Total Pageviews

Friday, October 7, 2016

CLARICE - Hamilton Alves





                                   Sempre me deixei devorar pelo olhar brejeiro ou quirguiz de Clarice (limitei-me a vê-la nos retratos), como era o olhar de Me. Chauchat, namorada de Hans Castorp ou por quem este se apaixonou, em “A Montanha Mágica”. Acho que Chauchat e Clarice tinham a mesma origem eslava. Daí o tipo de olhar que ambas tinham. Clarice era uma mulher linda. Não admira que tivesse tantos homens que se apaixonaram por ela em prosa, em verso e em pessoa.

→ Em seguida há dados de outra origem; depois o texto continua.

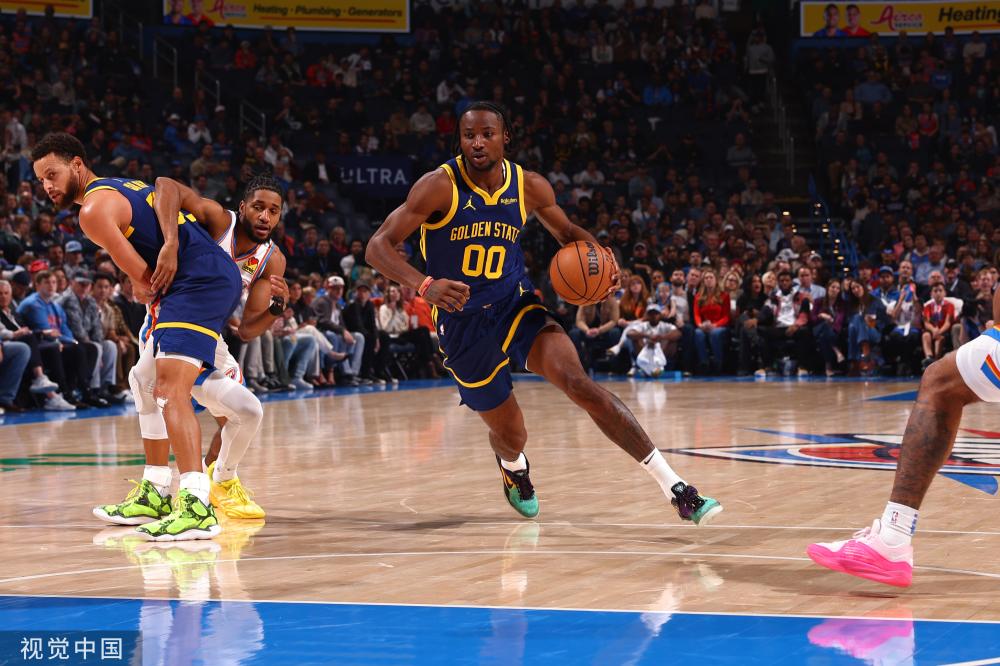 表达了他们 表达了他们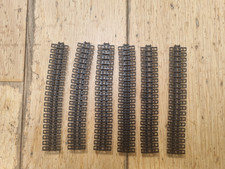Lego Technic Caterpillar Track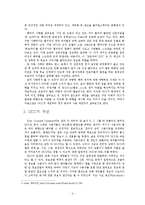 정치적 활용에 있어서의 UCC 문화의 현주소와 바람직한 활용방향 모색-4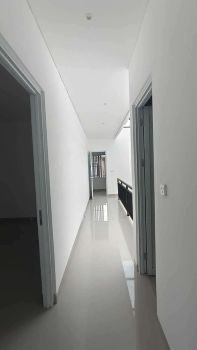 Sewa rumah kerobokan kuta utara lt 200 m²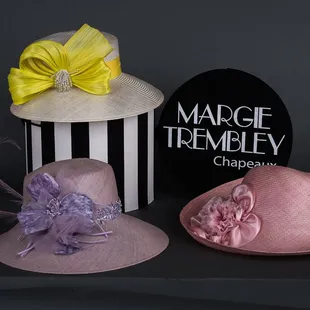 photo by Michele Zephier Photography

                                   Vinícius Alves vem de fazer uma entrevista hipotética com ela. Aliás, muito bem feita, aproveitando-se do que disse em seus livros.

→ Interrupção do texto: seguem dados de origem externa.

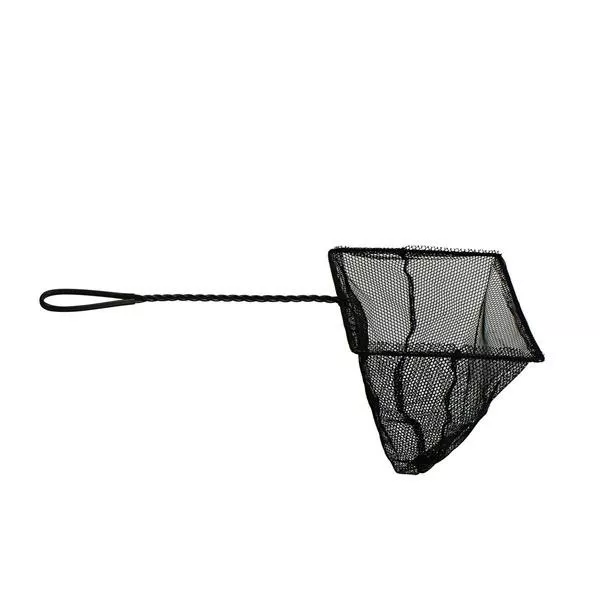 Aquascape Mini, Small & Heavy Duty Pond and Skimmer Nets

                                   Tudo que li de Clarice resume-se a crônicas e contos. Fui ler, por sugestão de um amigo, “A hora da estrela”. Não sei se foi Moacyr Scliar que disse que, se tivesse que escrever um prefácio, gostaria de fazê-lo sobre esse livro.
                                   Achei a novela de Clarice uma coisa meio mal bolada.
                                   Não posso julgá-la como escritora, a não ser pelas crônicas e contos. Não vou falar de suas novelas ou romances, não lidos por mim. Nem provavelmente vou lê-los. Tem muita coisa enfileirada no meu interesse de leitura que é provável que não será suficiente todo o tempo que lhe dedicar para esse fim.
                                   Uma pergunta que Vinícius lhe fez sobre se tinha medo da morte respondeu: “morrer é ininterrupto”.
                                   Só uma pessoa dotada de um intelecto muito especial daria uma resposta dessas.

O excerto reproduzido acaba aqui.